PENTUHANAN SRI KRISHNA makin berkembang semenjak dalam terjemahan pengikutnya secara sistematis memakai sebutan istilah bahasa Inggeris “GODHEAD” (Tuhan Tertinggi) untuk Sri Krishna, sementara dewa lainnya adalah “DEMIGODS” atau ‘setengah-dewa’ atau di bawah ‘Godhead’ (Tuhan Tertinggi). Terjemahan dengan istilah Inggeris ‘Godhead’, dipakai dalam terjemahan buku-buku sekte keagamaan Hare Krishna dan mendudukkan bahwa Sri Krisna yang Tuhan Tinggi, dan secara konsisten dan sistematis menempatkan dewa-dewa lain diterjemahkan sebagai ‘demigods’ atau ‘setengah-dewa’ sebagai bawahan ‘Godhead’ (Krishna). AC Bhaktivedanta Swami Prabhupada, pendiri International Society for Krishna Consciousness (ISKCON) menerjemahkan kata Sansekerta “dewa” sebagai ‘demigods’ (“setengah dewa”) dalam terjemahan-terjemahannya, dan mengajarkan bahwa hanya ada satu Tuhan Yang Maha Esa yaitu Sri Krishna sebagai “GODHEAD” (Tuhan Tertinggi) dan semua dewa-dewi yang lain hanyalah hamba Krishna. Namun, terjadi pengecualian ketika menterjemahkan kata “deva”, setidaknya ada tiga kejadian dalam bab kesebelas Bhagavad-Gita di mana muncul kata “deva”, yang digunakan untuk merujuk kepada Dewa Krishna, diterjemahkan sebagai “Tuhan”. Gelar “deva” diterjemahkan sebagai Tuhan Yang Maha Esa atau “GODHEAD” kalau diikuti nama Krishna, sementara kalau gelar “deva” diikuti oleh nama lain, maka diterjemahkan sebagai “DEMIGODS” atau hanyalah hamba Dewa Krishna.

Kitab BRAHMA-SAṀHITĀ dan isinya tidak pernah ditemukan jejaknya secara jelas dalam peninggalan lontar-lontar keagamaan di Bali.

Ketika BRAHMA-SAṀHITĀ yang menjadi “PENDOMAN PENTUHANAN KRISHNA” disusun di India sekitar tahun 1300-an Masehi, Hindu di Jawa dan Bali telah berkembang pesat di Kerajaan Singasari dan kemudian dilanjutkan Kerajaan Majapahit. Di era ini di Jawa dan Bali telah mengembangkan kitab-kitab Hindu-Buddha dalam versi Jawa Kuno yang diserap dari kitab-kitab yang lebih kuno lain, yang merujuk pada teks-teks Weda. Sementara itu, era kerajaan Majapahit hubungan Hinduisme di Jawa dan Bali bisa dikatakan terputus dengan tanah Bharata Warsa (premodern India), sehingga secara hubungan tekstual atau intertektualitas di antara keduanya semakin jauh. Barangkali karena keterputusan hubungan Jawa-Bali dengan India di sekitar abad 14-15 menjadi penyebab kitab BRAHMA-SAṀHITĀ atau teks-teks sejenis yang “MENTUHANKAN-KRISHNA” yang berkembang di India di abad ke 14 tidak pernah populer di Nusantara.

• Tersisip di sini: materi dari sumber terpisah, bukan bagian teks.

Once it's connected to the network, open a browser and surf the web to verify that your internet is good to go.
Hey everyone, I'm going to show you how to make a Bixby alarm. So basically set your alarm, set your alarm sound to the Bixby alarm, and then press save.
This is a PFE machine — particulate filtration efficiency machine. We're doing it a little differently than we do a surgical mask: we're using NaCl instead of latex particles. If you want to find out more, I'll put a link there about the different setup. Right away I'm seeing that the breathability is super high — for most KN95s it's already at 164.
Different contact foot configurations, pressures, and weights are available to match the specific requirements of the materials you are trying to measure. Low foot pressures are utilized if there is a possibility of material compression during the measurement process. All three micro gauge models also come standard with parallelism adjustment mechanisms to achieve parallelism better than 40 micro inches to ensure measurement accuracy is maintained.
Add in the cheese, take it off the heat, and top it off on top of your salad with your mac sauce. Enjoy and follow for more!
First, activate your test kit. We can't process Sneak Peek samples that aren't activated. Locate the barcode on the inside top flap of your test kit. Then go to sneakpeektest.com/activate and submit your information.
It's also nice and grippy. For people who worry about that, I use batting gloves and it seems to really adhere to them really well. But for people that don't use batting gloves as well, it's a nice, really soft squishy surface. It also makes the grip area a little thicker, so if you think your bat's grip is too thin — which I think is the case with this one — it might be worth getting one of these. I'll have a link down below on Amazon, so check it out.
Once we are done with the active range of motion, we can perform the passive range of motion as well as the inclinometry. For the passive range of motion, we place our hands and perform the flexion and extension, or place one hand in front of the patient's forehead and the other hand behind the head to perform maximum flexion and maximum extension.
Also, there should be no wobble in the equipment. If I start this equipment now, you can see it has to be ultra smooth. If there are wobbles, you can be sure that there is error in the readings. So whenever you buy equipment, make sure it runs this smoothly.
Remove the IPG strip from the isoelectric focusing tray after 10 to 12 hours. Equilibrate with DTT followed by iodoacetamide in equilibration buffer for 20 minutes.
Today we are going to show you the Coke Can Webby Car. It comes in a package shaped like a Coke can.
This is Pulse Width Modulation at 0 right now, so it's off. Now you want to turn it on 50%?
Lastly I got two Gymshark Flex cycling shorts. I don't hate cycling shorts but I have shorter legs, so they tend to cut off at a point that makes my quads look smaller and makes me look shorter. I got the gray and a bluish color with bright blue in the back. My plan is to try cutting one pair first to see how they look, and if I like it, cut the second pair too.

KENAPA PEDANDA ŚIWA DI BALI (JUGA) MEMUJA NĀRĀYAṆA?

Lontar-lontar Stava-Puja dan Widhi-sastra banyak mengandung jejak Weda kuno. Lontar-lontar Itihasa  mengandung banyak jejak Purana. Lontar-lontar Tatwa banyak mengandung jejak berbagai teks Upanisad. Tetapi tidak ditemukan secara gamblang teks-teks yang punya paham seperti kitab BRAHMA-SAṀHITĀ dalam lontar-lontar Bali. BRAHMA-SAṀHITĀ terhitung kitab baru jika dibandingkankan isi lontar-lontar Jawa Kuno era yang berisi teks dari era Medang dan Kediri. Kitab Brahma-saṁhitā di India tersebut terhitung sebaya dengan lontar-lontar yang ditulis di akhir kejayaan Singasari dan awal Majapahit, seperti Kakawin Nāgarakṛtâgama (atau Deśawarnana), Kakawin Sutasoma, Kakawin Śiwarātrikalpa, yang isinya bernuansa Śaiwa-Baudhha dan tidak ditemukan adanya jejak teks-teks yang “mentuhankan Bhatara Kresna” di era ini.  

Apakah tidak ada pemuliaan Sri Krishna dalam tradisi lontar ‘puja-stawa’ di Bali?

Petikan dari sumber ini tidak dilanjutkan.